Whether particular statements are susceptible of a defamatory meaning — and therefore actionable — presents a question of law (see Golub v Enquirer/Star Group, 89 NY2d 1074, 1076 [1997]; Aronson v Wiersma, 65 NY2d 592, 593 [1985]). Only “[i]f the contested statements are reasonably susceptible of a defamatory connotation [does] it become[ ] the jury’s function to say whether that was the sense in which the words were likely to be understood by the ordinary and average [person]” (James v Gannett Co., 40 NY2d 415, 419 [1976] [internal quotation marks and citation omitted]). A statement has defamatory connotations if it tends to expose a person to “public hatred, shame, obloquy, contumely, odium, contempt, ridicule, aversion, ostracism, degradation or disgrace, or to induce an evil opinion of [a person] in the minds of right-thinking persons” (Kimmerle v New York Evening Journal, Inc., 262 NY 99, 102 [1933]; accord Bytner v Capital Newspaper, Div. of Hearst Corp., 112 AD2d 666, 667 [1985], affd 67 NY2d 914 [1986]; see Golub v Enquirer Star Group, 89 NY2d at 1076).
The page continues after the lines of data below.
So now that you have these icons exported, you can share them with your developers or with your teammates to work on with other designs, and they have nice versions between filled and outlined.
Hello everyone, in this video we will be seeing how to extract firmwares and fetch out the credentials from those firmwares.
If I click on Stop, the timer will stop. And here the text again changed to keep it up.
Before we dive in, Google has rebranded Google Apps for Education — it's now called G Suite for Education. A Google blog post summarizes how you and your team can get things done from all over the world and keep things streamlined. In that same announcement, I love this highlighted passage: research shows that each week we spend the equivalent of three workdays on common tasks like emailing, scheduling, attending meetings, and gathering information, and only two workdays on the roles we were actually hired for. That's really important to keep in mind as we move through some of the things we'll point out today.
Because the defamatory tendency of a statement depends “upon the temper of the times [and] the current of contemporary public opinion,” a statement that is “harmless in one age . . . may be highly damaging to reputation at another time” (Mencher v Chesley, 297 NY 94, 100 [1947]).
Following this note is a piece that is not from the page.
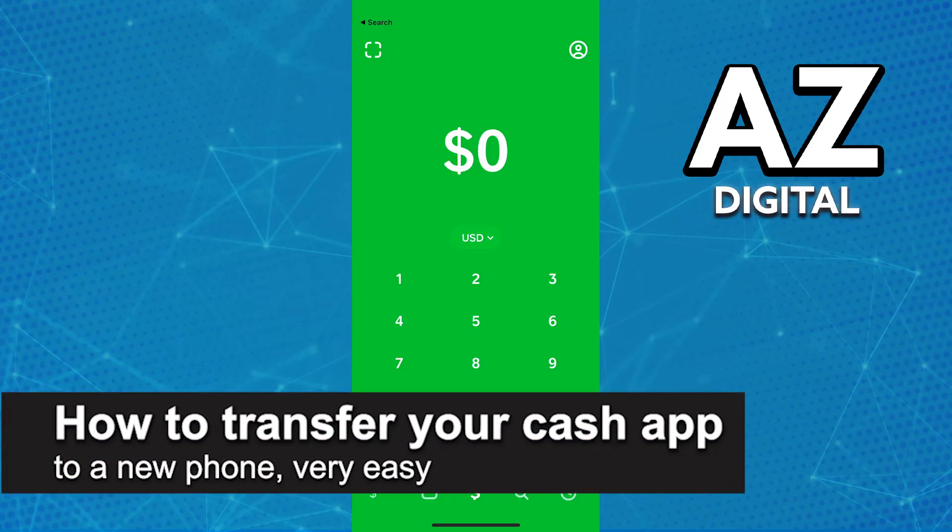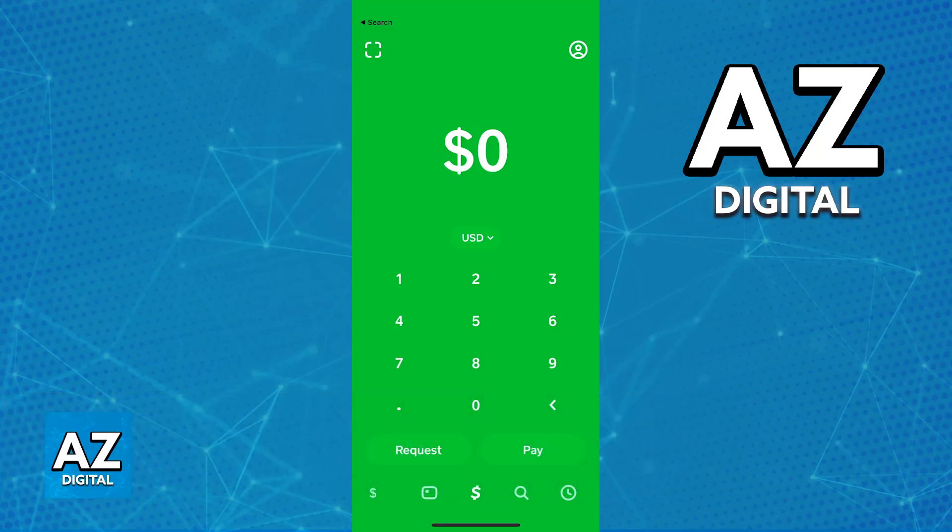In this video I'm going to teach you how to transfer your Cash App to a new phone. It's a very easy process, so make sure to follow along. I'm going to show you how to set up Cash App so you can transfer your account to a new phone, giving you access to all of your funds, your account, your contacts, and so on.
Generally, a plaintiff asserting a cause of action sounding in slander must allege special damages contemplating “the loss of something having economic or pecuniary value” (Liberman v Gelstein, 80 NY2d 429, 434-435 [1992] [internal quotation marks and citation omitted]; accord Wadsworth v Beaudet, 267 AD2d 727, 728 [1999]). Plaintiff has not done so and, thus, he cannot maintain his slander claim unless the challenged statements constitute “slander per se” — those categories of statements that are commonly recognized as injurious by their [144]*144nature, and so noxious that the law presumes that pecuniary damages will result (see Liberman v Gelstein, 80 NY2d at 435). The four established “per se” categories recognized by the Court of Appeals are “statements (i) charging [a] plaintiff with a serious crime; (ii) that tend to injure another in his or her trade, business or profession; (iii) that [a] plaintiff has a loathsome disease; or (iv) imputing unchastity to a woman” (id.). As Supreme Court noted, the Appellate Division Departments, including this Court in dicta, have recognized statements falsely imputing homosexuality as a fifth per se category (see Klepetko v Reisman, 41 AD3d 551, 552 [2d Dept 2007]; Tourge v City of Albany 285 AD2d 785, 786 [3d Dept 2001]; Nacinovich v Tullet & Tokyo Forex, 257 AD2d 523, 524 [1st Dept 1999]; Matherson v Marchello, 100 AD2d 233, 241-242 [2d Dept 1984]; Privitera v Town of Phelps, 79 AD2d 1, 3 [4th Dept 1981], lv dismissed 53 NY2d 796 [1981]).